◆ WHAT THE TASK REQUIRES
Reproduce every record exactly as it appears, but not the pictures.

◆ SUPPLIED RECORDS
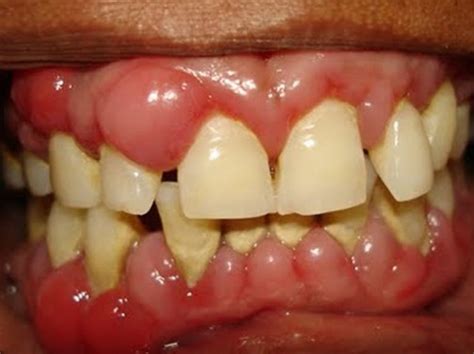 Does Heat Help Swollen Gums at nancylrogers blog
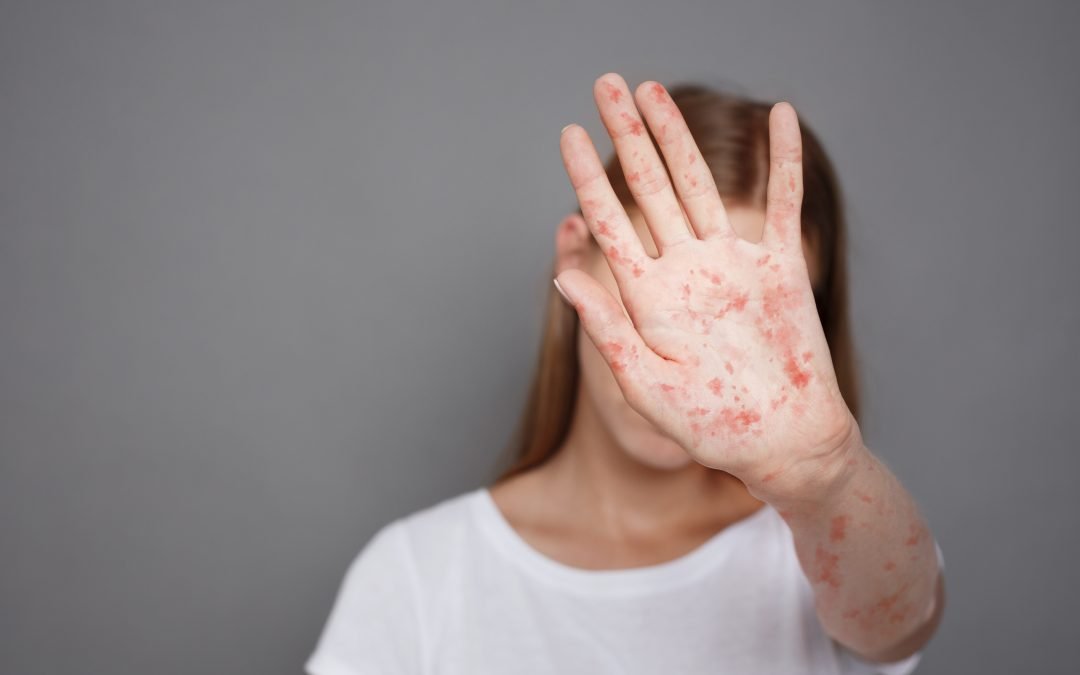 Can Measles Cause Longterm Complications?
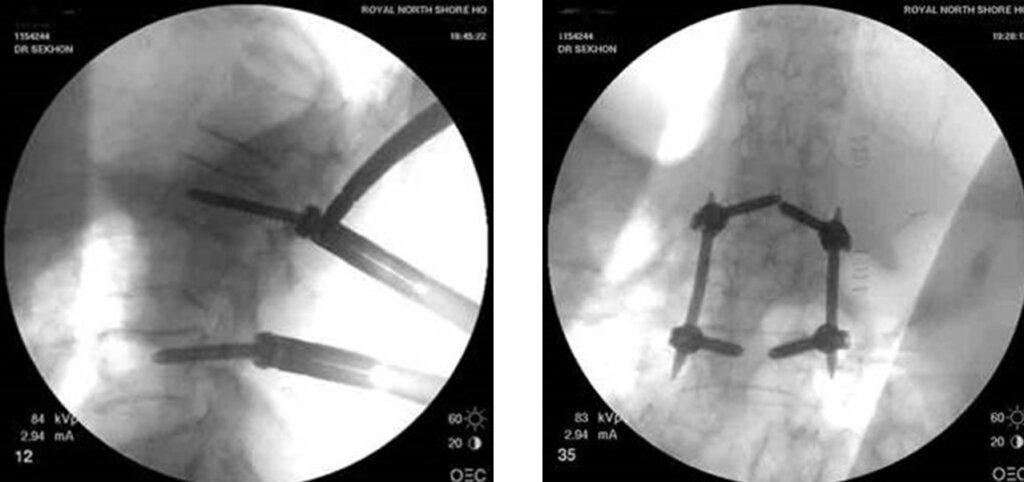 Spinal Injections | Purpose, Types & Procedure | ROC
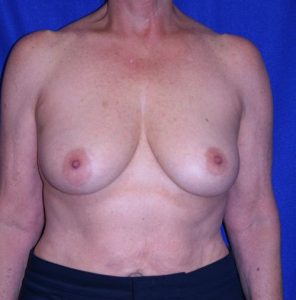 woman after breast augmentation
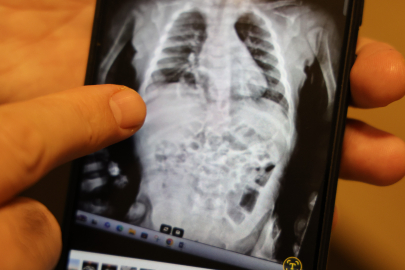 Sık sık akciğer enfeksiyonu geçirip zatürre tedavisi görün çocuğun hastalığının altından bambaşka neden çıktı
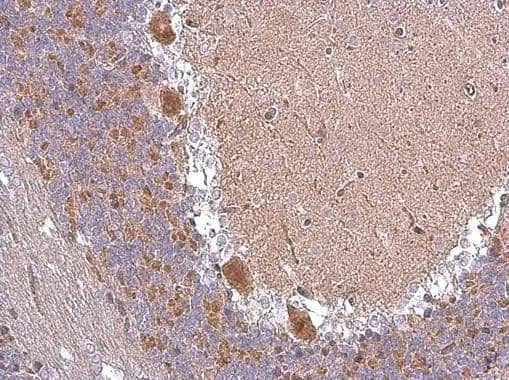 ABAT antibody detects ABAT protein at cytoplasm in rat brain by immunohistochemical analysis. Sample: Paraffin-embedded rat brain. ABAT antibody (NBP1-33066) diluted at 1:500.Antigen Retrieval: Trilogy(TM) (EDTA based, pH 8.0) buffer, 15min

◆ REPLY TO THE EXERCISE
 Does Heat Help Swollen Gums at nancylrogers blog
 Can Measles Cause Longterm Complications?
 Spinal Injections | Purpose, Types & Procedure | ROC
 woman after breast augmentation
 Sık sık akciğer enfeksiyonu geçirip zatürre tedavisi görün çocuğun hastalığının altından bambaşka neden çıktı
 ABAT antibody detects ABAT protein at cytoplasm in rat brain by immunohistochemical analysis. Sample: Paraffin-embedded rat brain. ABAT antibody (NBP1-33066) diluted at 1:500.Antigen Retrieval: Trilogy(TM) (EDTA based, pH 8.0) buffer, 15min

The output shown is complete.